Constitutional Court Victory for Displaced Families
**Cross-posted from the SA SDI Alliance Blog**
By Sandra van Rensburg (on behalf of CORC and ISN)
After more than four months of legal proceedings, the Constitutional Court delivered a ruling in favor of the displaced Marlboro families following evictions in Marlboro South, an industrial area in Sandton, Johannesburg. This ruling rendered the action of the City of Joburg as unlawful and the court called on the parties to “engage meaningfully to reach agreement on the supply of materials for building, the type of shelters allowed to be built and the final date for completion”, according to the Lawyers for Human Rights.
The following resolutions were delivered:
- COJ must provide the 141 families with sites in Marlboro.
- COJ must provide material for the construction of temporay shelters.
- COJ has 4 months to more land if needed to accomodate the 141 families.
- COJ must start a meaningful engagement regarding the balance of families evicted later during the month of August.
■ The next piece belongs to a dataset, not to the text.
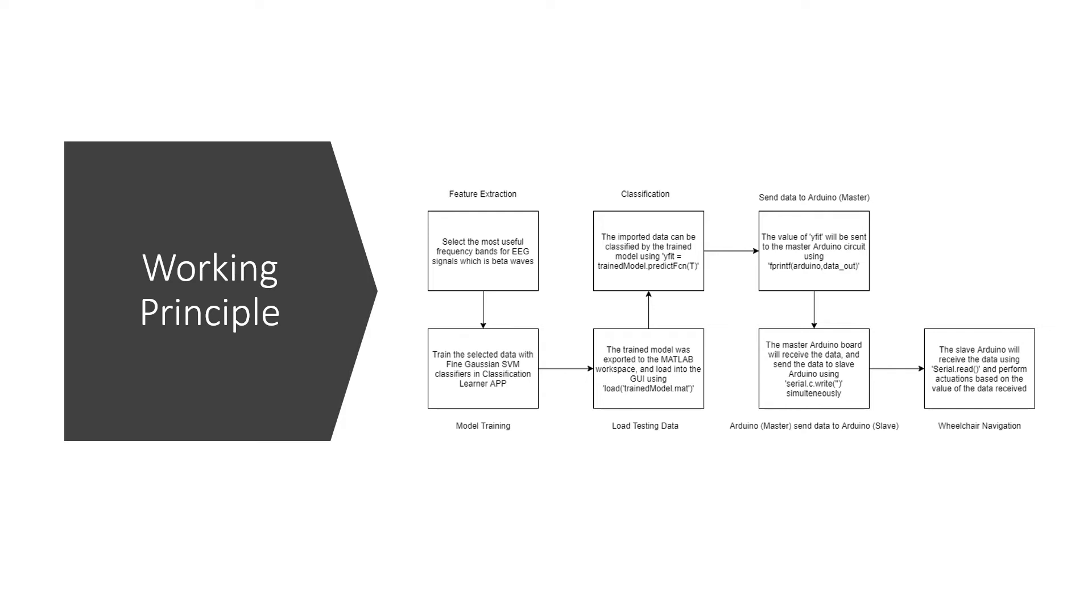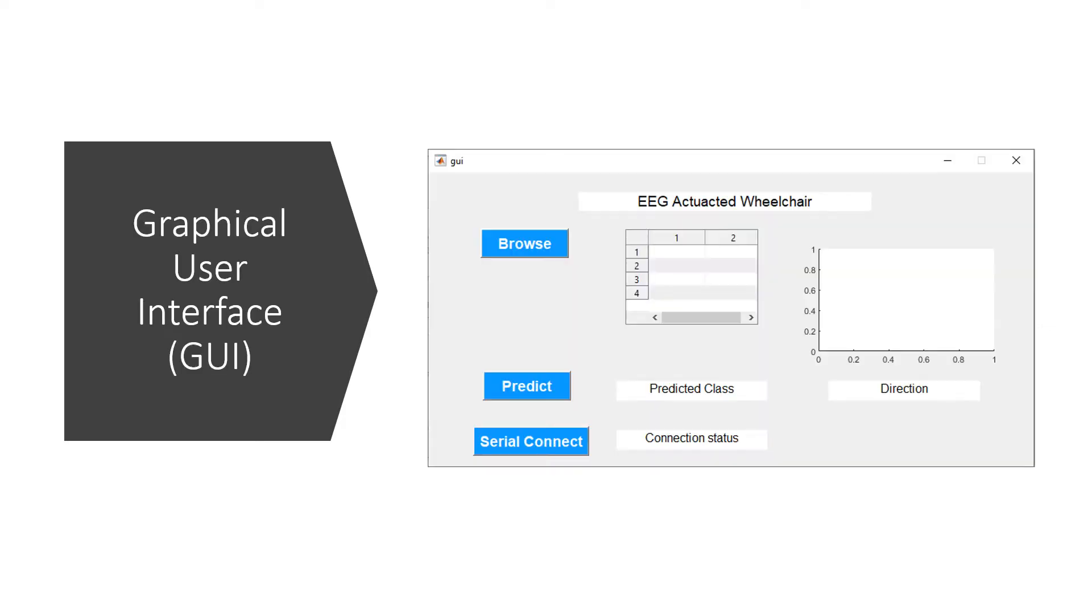Finally, the wheelchair will be actuating the command according to the brainwave signal. This is the graphical user interface GUI created for the EEG actuator wheelchair. In this GUI, there are three main buttons which are the Browse, Predict and Serial Connect.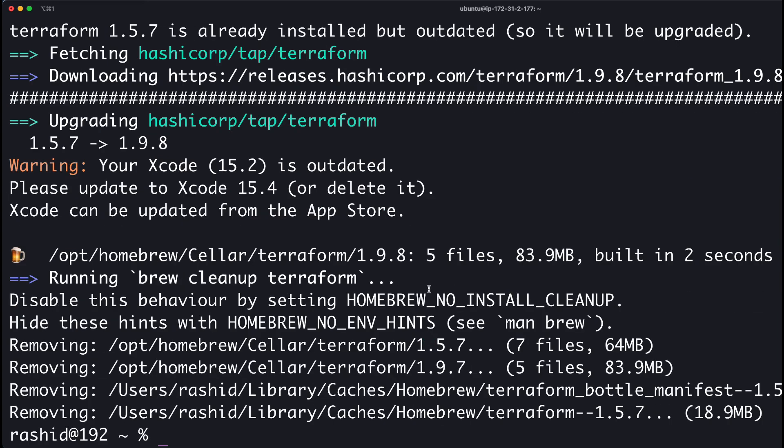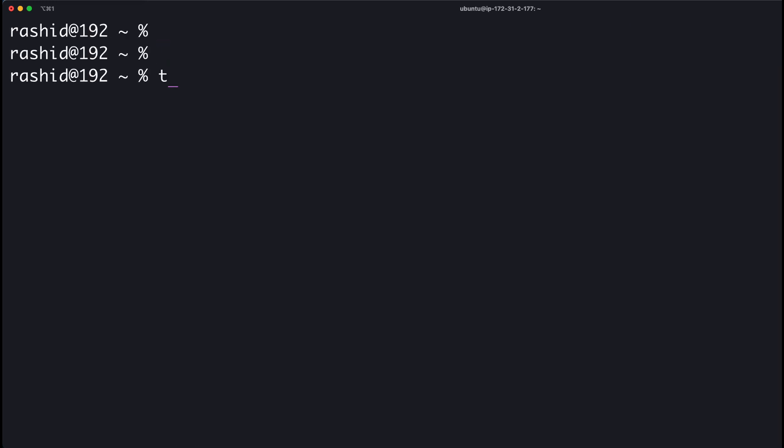If I have to check my Terraform version, I can check it. Here you can see I have my latest Terraform version installed. But in case you have an outdated Terraform version, what you can do is...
- COJ must pay all legal costs.
Louise du Plessis, attorney for LHR’s Land and Housing Unit, was cited in the Lawyers for Human Rights press release,
This is a significant settlement in getting the City to provide the building materials but the onus is now on the City to deliver on its responsibilities to the community and to engage with everyone involved. We are happy that our clients will be able to get their own shelter and hope that this is the last time that a municipality will use excuses like sinkholes, dilapidated buildings and bylaws to act unlawfully and evict occupiers without following due process
The Marlboro settlement, and more specifically the Warehouse Crises Committee, is a networked structure under the Informal Settlement Network. In September, the ISN organised a provincial wide solidarity march to raise the plight of the poor struggling against evictions and lack of meaningful engagement with the cities of Joburg, Ekurhuleni, Tswane, Mogale City, and Midvaal municipality. Subsequent meetings with the office of the Gauteng premier has been around the formation of memorandums of understanding between affected informal settlement communities and city governments, with clearly defined schedules of activities attached. While these informal settlements wait for government to get its house in order, communities have been implementing small scale improvement projects through the Community Upgrading Finance Facility.